Ben de bu yazıyı yazmadan önce başlık alternatiflerini
düşünürken, önce bu yaz gerçekleştirdiğim Makedonya seyahatimin notlarına göz
atmak istedim. Not defterime böyle bir cümle karalamışım: Tek bir haç hepimizi
mutlu eder mi? Üsküp’ün tepesine yerleştirilmiş devasa Milenyum Hacından
bahsetmişim. Yahya Kemal’in memleketi, binlerce Müslüman’ın Makedon
Hıristiyanlarla birlikte yaşadıkları, yüzyıllarca Osmanlıya ev sahipliği yapmış
şehrin hemen her noktasından gece gündüz görünen devasa hacın, şehrin hemen her
sakinini mutlu ettiğini söylemek zor. Her yıl sayısız turist çeken Üsküp’ün
tepesinde yükselen haç, şahsen bir turist olarak beni hiç mi hiç mutlu etmedi!

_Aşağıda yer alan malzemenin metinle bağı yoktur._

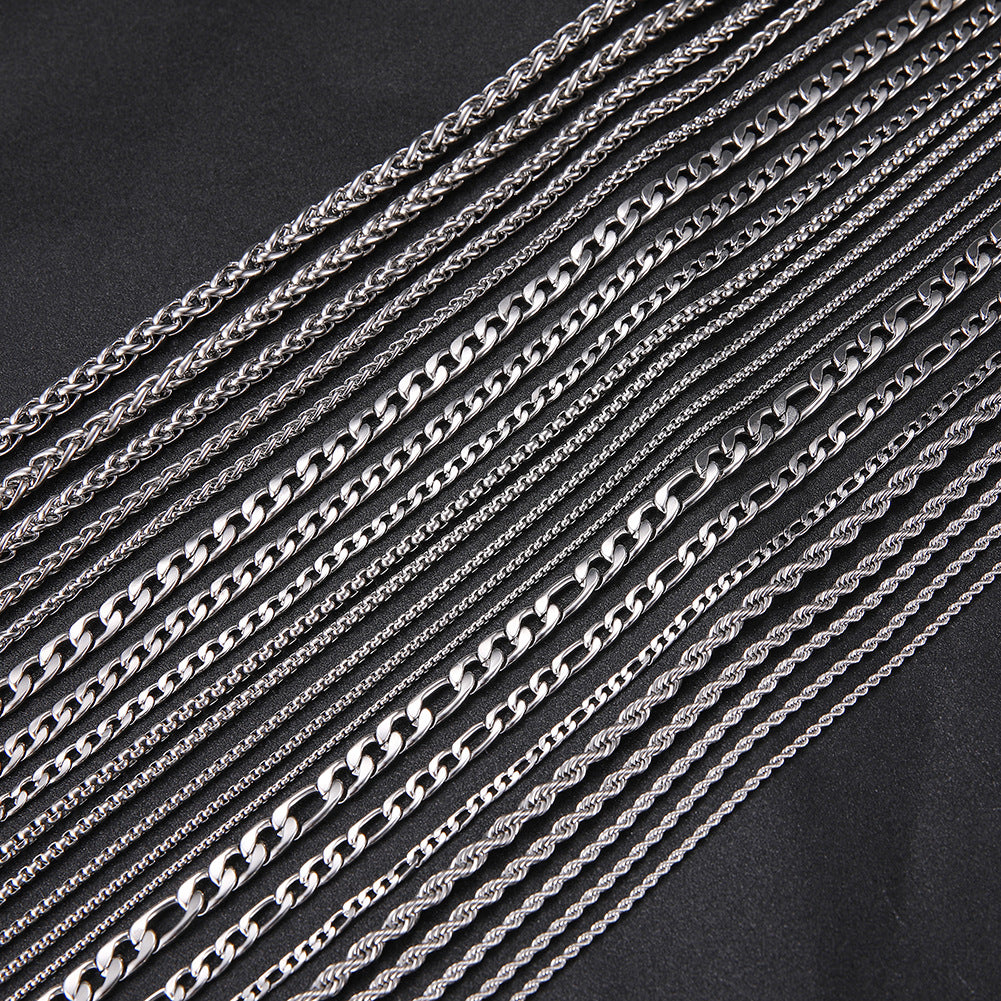 Titanium Cuban Chain Necklace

Çok kültürlü bir yapıya sahip olan Üsküp’e değer katmasından ziyade ayrımcılığı
ve farklılıkları derinleştirmiş. Bunun en açık belirtisini Üsküp çevresinde
bulunan Arnavut ve Türk köylerindeki cami yapılarında görebiliyorsunuz. Bölgede
yaşayan Müslüman ahali, Üsküp’teki dev Milenyum Hacına tepki olarak, inşa ettikleri
camilerde nerdeyse gökyüzüne kadar uzanan minareler yaptırmışlar. Bu da etkiye
tepkinin aşikar bir göstergesi olmuş! Makedonya’nın başkenti Üsküp sadece
Makedonların değil, aynı zamanda Arnavutlar, Romanlar, Boşnaklar ve Türklerin
yaşadığı tarihi bir şehir. Birçok etnik gruba yüzyıllarca kucak açmış olmasına
rağmen, şehir merkezinde Osmanlı köprüsü, Türk camisi ve çarşısı bulunmasına
rağmen tepesinde bunların hepsinin üzerinde, gölgesi altında hissiyatıyla tek
bir haç olması egemenlik vurgusu yaratıyor! Sonuçta da Üsküp'teki çok farklılık
örneğin bir Kırcaali’deki gibi, bazı Avrupa şehirlerindeki gibi özenilen,
üzerine titrenen bir durum gibi değil, daha çok ürkülen, görmezden gelinen bir
durum gibi. Böyle bir durumun da huzur getirmediği; inkar politikalarının çözüm
olmadığı, baskıcı yapıların aslında hiçbir şeyi baskılayamadığı tarih ana
tarafından insanoğluna tekrar tekrar öğretildi. Tek bir hacın herkesi mutlu
etmesi imkansız!
![]() |
Üsküp kalesinden Milenyum Hacının görünümü. |
***
Makedonya'da dolaşırken etniksel veya dinsel ayrımcılık
havasını hissetmek mümkün. Gergin bir atmosfer kurşun gibi havada asılı duruyor
sanki. Kibriti çaksan patlayacakmış gibi. Balkanlar için yüzyıllardır dile
gelen 'Barut Fıçısı' tanımının
hakkını verir gibi. İşte bugünlerde bu Barut Fıçısını yeniden fitillemek
isteyenler var.
TV'lerde protesto görüntülerini görünce; çok fazla Makedon
bayrağı, VMRO bayrakları, vatan elden gidiyor, memleketi teslim etmeyiz
sloganlarını görünce. Yani aşırı milli duygularla oynandığını fark ettim. Şahsi
tecrübeyle sabittir ki, bir yerde halkın milli duyguları kabartılmaya
çalışılıyorsa orada muhtemelen başka bir şey gizleniyordur!
***
Protestoların sebebi, yakında yapılan seçim sonrasında
derinleşen siyasi kriz. Aralarında ciddi manada Türklerin ve Arnavutların da
destek verdiği 'Makedonya Sosyal
Demokratlar Birliği' doğal olarak hükümeti kurması gerekirken,
Cumhurbaşkanı bunu engelliyor. Gerekçe; Sosyal Demokratlar Birliği Başkanı
Zaev'in Arnavut siyasi parti platformlarıyla görüşmesi, destek alması.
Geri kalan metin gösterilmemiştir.